Requirement: Starting at the line with "Louis Vuitton Capucines Handbag M00014", copy each line through the last one below exactly as written, without any pictures.
━━ Record excerpts ━━
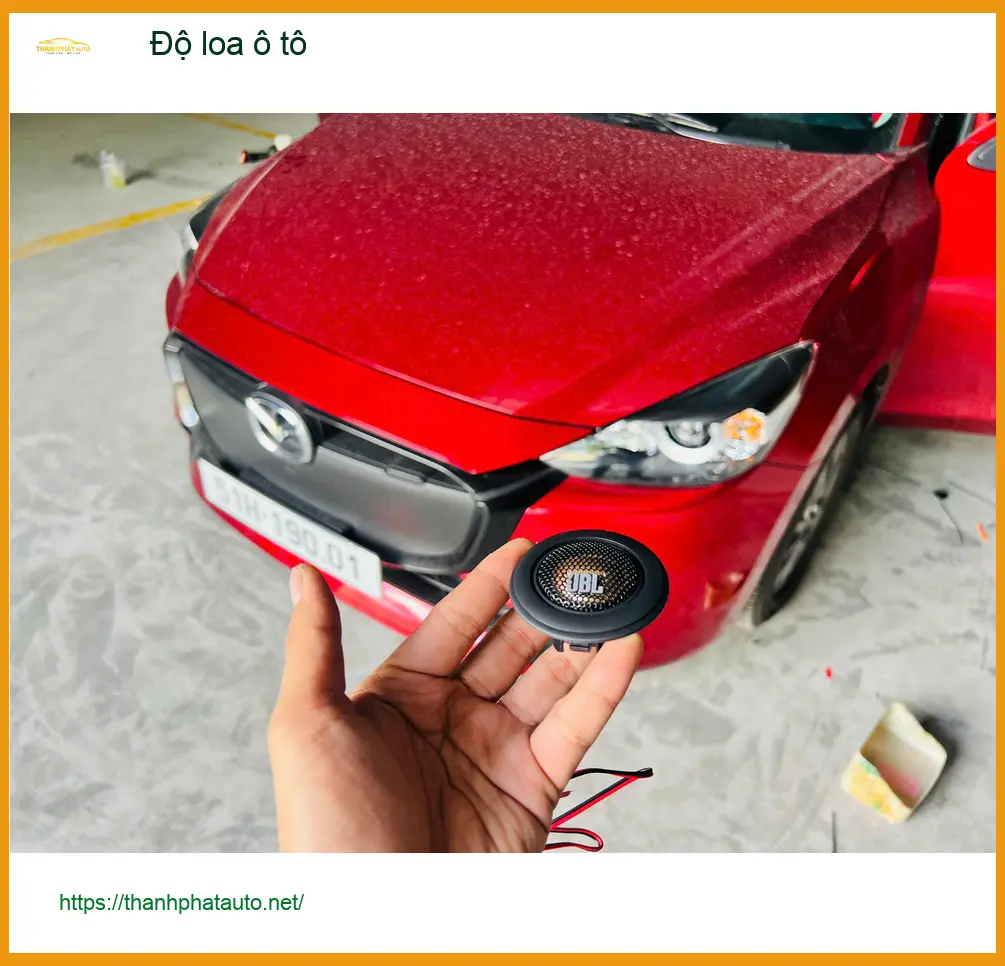 Anh Khôi độ loa ô tô cho Honda CRV tại Quận 1 để âm thanh sống động hơn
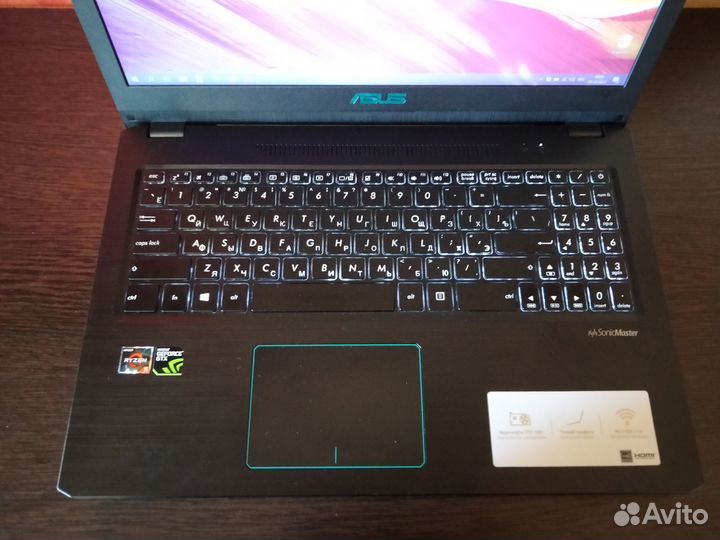 Ноутбук Asus F570ZD-DM288T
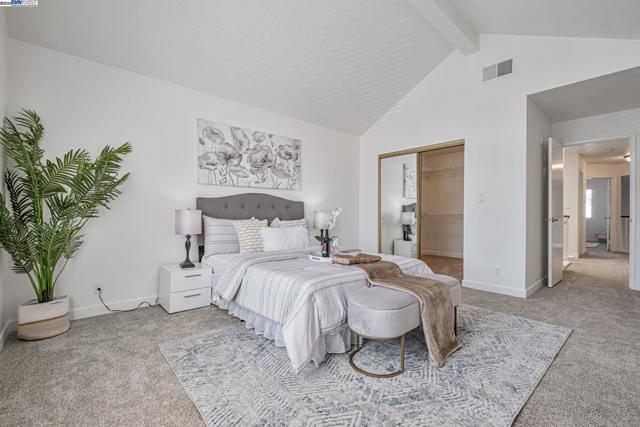 34319 Platinum Ter, Fremont CA: https://media.crmls.org/mediaz/3226a43d-407a-4c88-8575-99234ef4c0c9.jpg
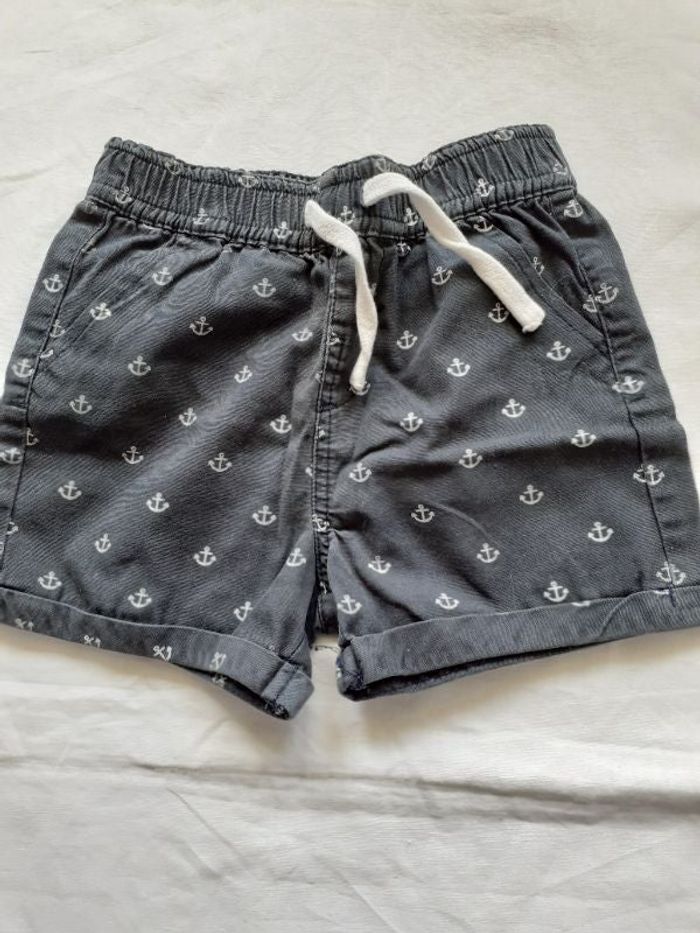 Short bleu marine taille 24 mois
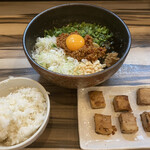 台湾まぜそばとカレーうどんのお店 つるりん - 台湾まぜそば大盛＆角切りチャーシュウ＆ランチご飯無料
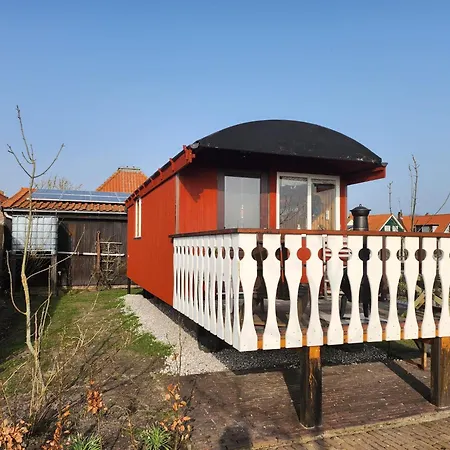 Herdershut 'het Schoehuis', Vlakbij Zee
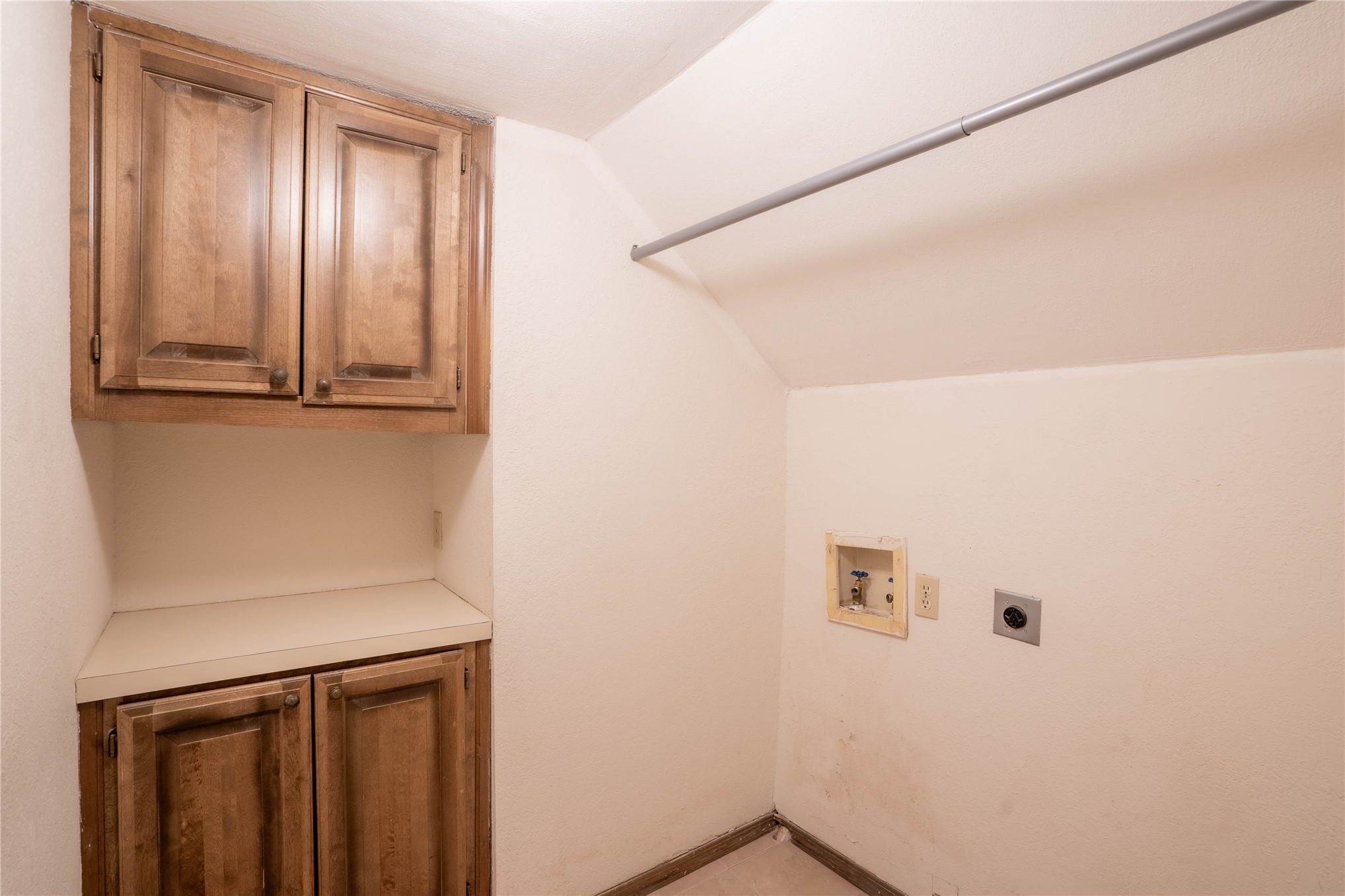 1523 Riverside Drive Tulsa OK 74119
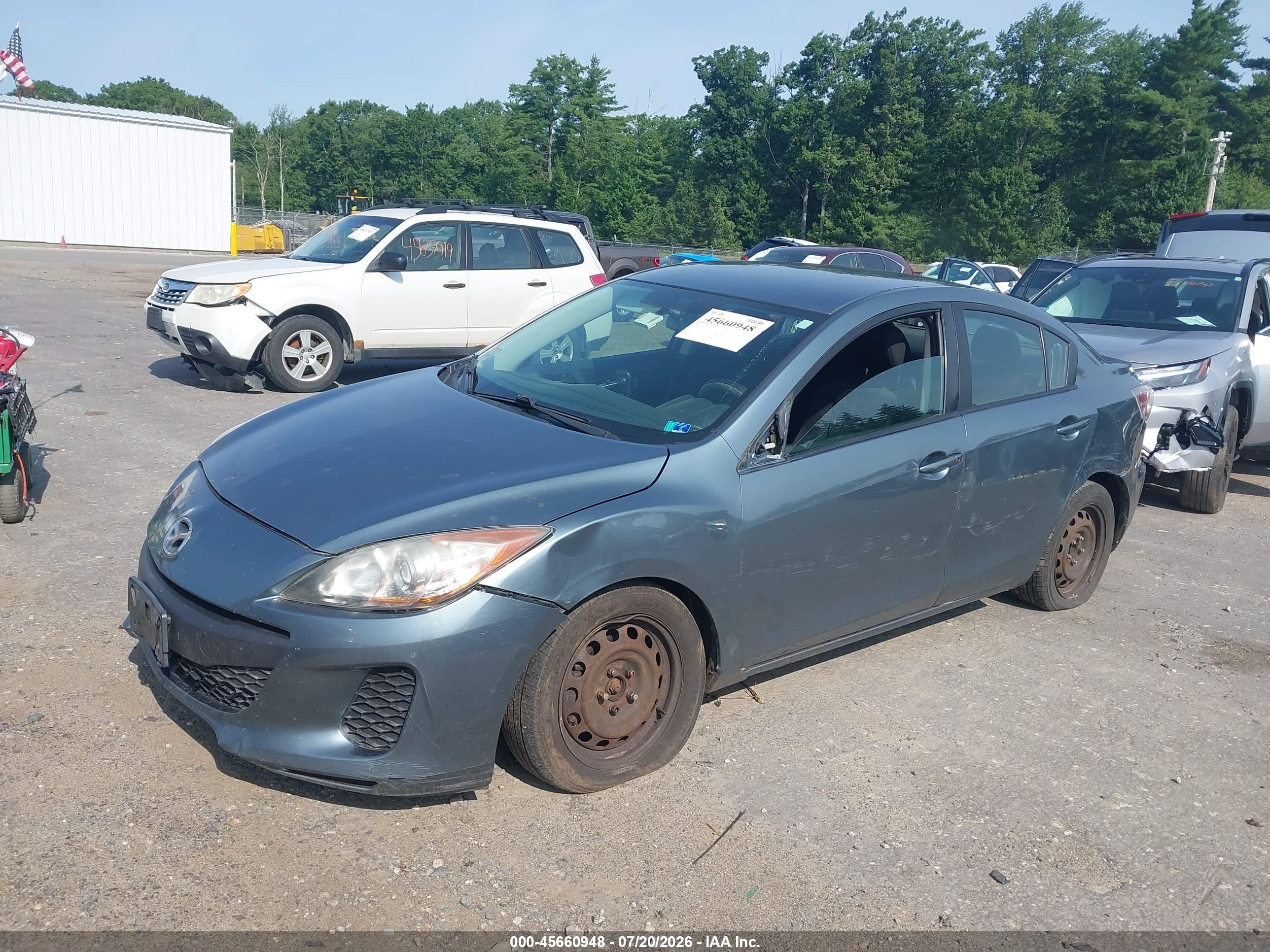 2012 Mazda Mazda3 I Sport Green vin: JM1BL1UG9C1521374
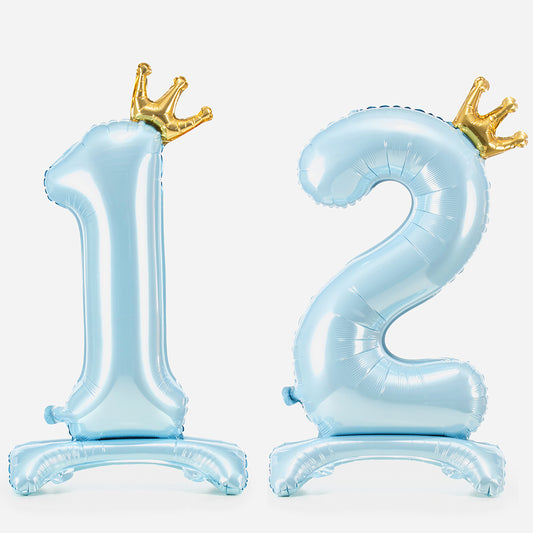 Gros ballon bleu en forme de chiffre pour feter un anniversaire enfant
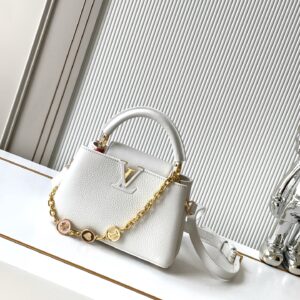Louis Vuitton Capucines Handbag M00014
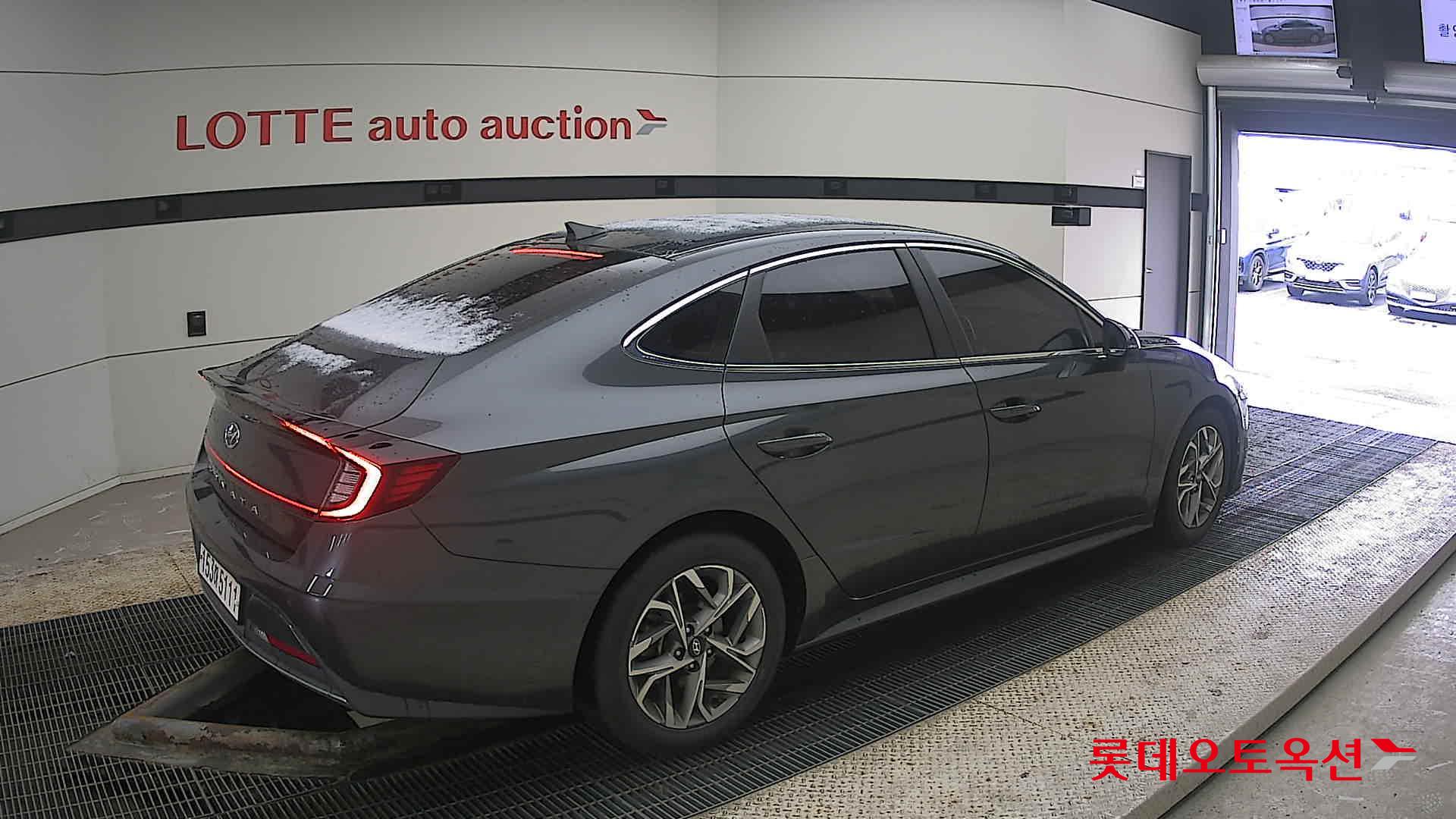 Hyundai Sonata 2021 - Image 19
━━━
Exercise answer:
Louis Vuitton Capucines Handbag M00014
 Hyundai Sonata 2021 - Image 19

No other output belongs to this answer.